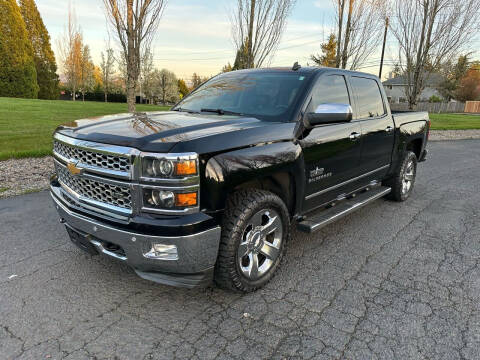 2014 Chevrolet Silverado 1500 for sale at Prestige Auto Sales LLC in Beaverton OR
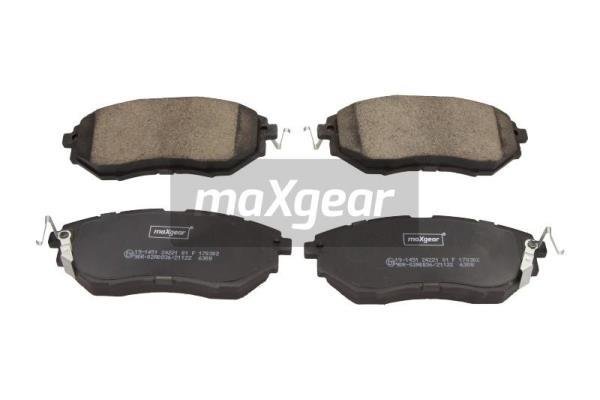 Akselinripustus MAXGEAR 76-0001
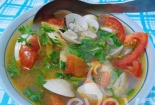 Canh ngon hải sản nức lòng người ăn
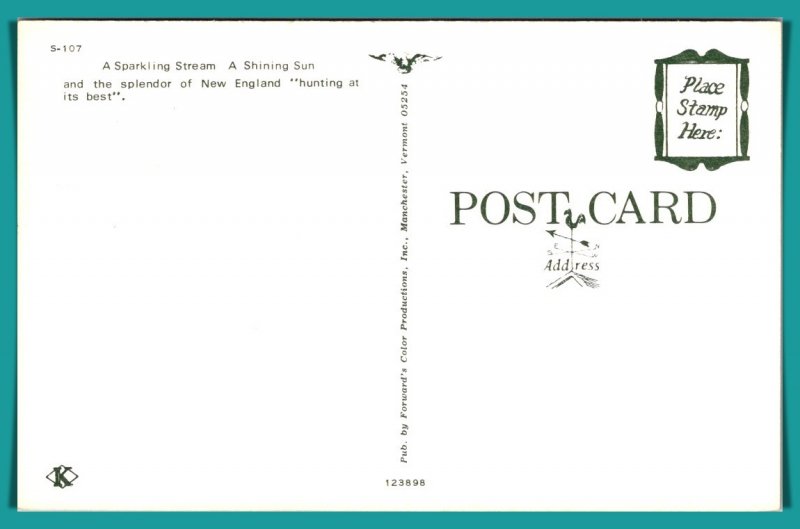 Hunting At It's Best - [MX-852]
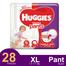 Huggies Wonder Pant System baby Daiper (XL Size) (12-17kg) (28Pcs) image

PROBLEM DETAILS:
Exactly as given, transcribe every line of the data, but not its images.

OUTPUT:
 2014 Chevrolet Silverado 1500 for sale at Prestige Auto Sales LLC in Beaverton OR
 Akselinripustus MAXGEAR 76-0001
 Canh ngon hải sản nức lòng người ăn
 Hunting At It's Best - [MX-852]
 Huggies Wonder Pant System baby Daiper (XL Size) (12-17kg) (28Pcs) image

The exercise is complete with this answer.